Airflow Kubernetes Executor logs

11/29/2019

I've deployed an Airflow instance on Kubernetes using the stable/airflow helm chart. I slightly modified the puckel/docker-airflow image to be able to install the Kubernetes executor. All tasks are now being executed successfully on our Kubernetes cluster, but the logs of these tasks are nowhere to be found.

I would like to upload the logs to our Azure Blob Storage account. I've configured my environment variables like this:

AIRFLOW__CORE__REMOTE_BASE_LOG_FOLDER="wasb-airflow"
AIRFLOW__CORE__REMOTE_LOG_CONN_ID="wasb_default"
AIRFLOW__CORE__REMOTE_LOGGING="True"

The wasb_default connection includes a login and password for the Azure Blob Storage account. I've tested this connection using a WasbHook and was able to delete a dummy file with success.

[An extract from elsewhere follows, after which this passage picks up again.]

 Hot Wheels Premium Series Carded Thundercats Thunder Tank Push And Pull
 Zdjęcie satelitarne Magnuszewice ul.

When I try to view the logs, this message is displayed:

*** Log file does not exist: /usr/local/airflow/logs/example_python_operator/print_the_context/2019-11-29T15:42:25+00:00/1.log
*** Fetching from: http://examplepythonoperatorprintthecontext-4a6e6a1f11fd431f8c2a1dc081:8793/log/example_python_operator/print_the_context/2019-11-29T15:42:25+00:00/1.log
*** Failed to fetch log file from worker. HTTPConnectionPool(host='examplepythonoperatorprintthecontext-4a6e6a1f11fd431f8c2a1dc081', port=8793): Max retries exceeded with url: /log/example_python_operator/print_the_context/2019-11-29T15:42:25+00:00/1.log (Caused by NewConnectionError('<urllib3.connection.HTTPConnection object at 0x7f34ecdbe990>: Failed to establish a new connection: [Errno -2] Name or service not known'))

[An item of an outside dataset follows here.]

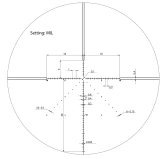 Luneta celownicza Vector Optics Veyron 6-24x44 30 mm FFP SCFF-37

Any ideas on how to solve this problem?

-- Wouter Goossens
airflow
azure
kubernetes
logging

2 Answers

4/4/2020

Sorry for the late reply, I recently faced this issue and was able to solve it with this answer.

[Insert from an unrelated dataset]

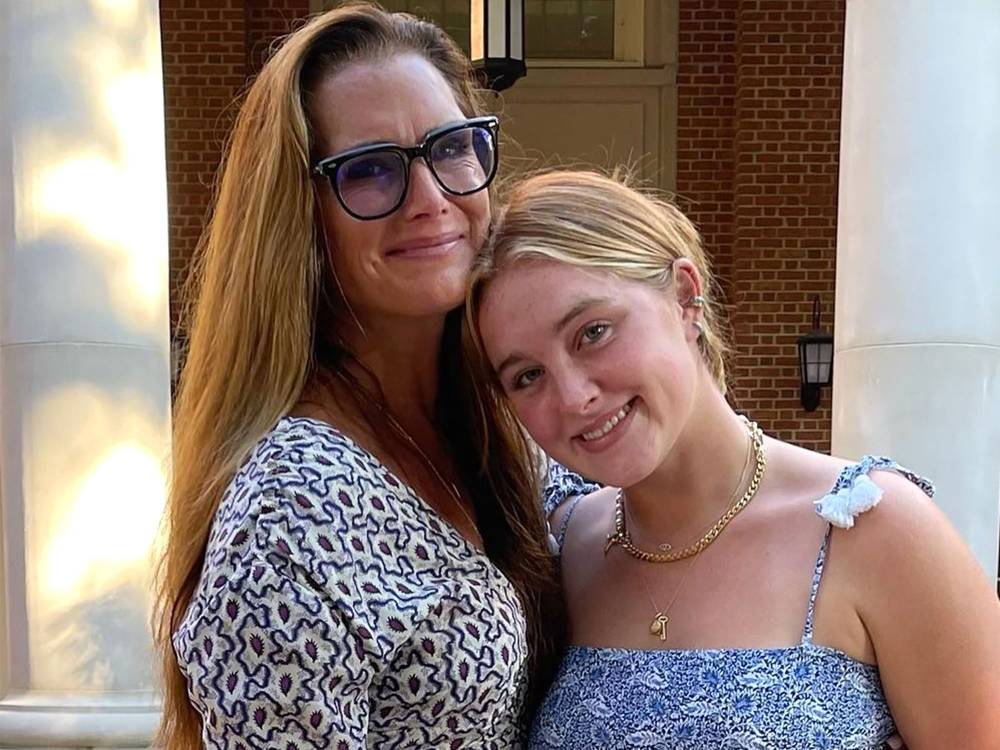 How Brooke Shields Feels About Daughter Rowan, 18, Being in College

I have a working repo in my repo here, you can check it out if you want. This setup uses PV to store logs you can add the connection in airflow.yaml to send logs to the remote folder.

-- midNight
Source: StackOverflow

12/2/2019

Found the solution. Increase the AIRFLOW__WEBSERVER__LOG_FETCH_TIMEOUT_SEC environment variable to something like 15.

-- Wouter Goossens
Source: StackOverflow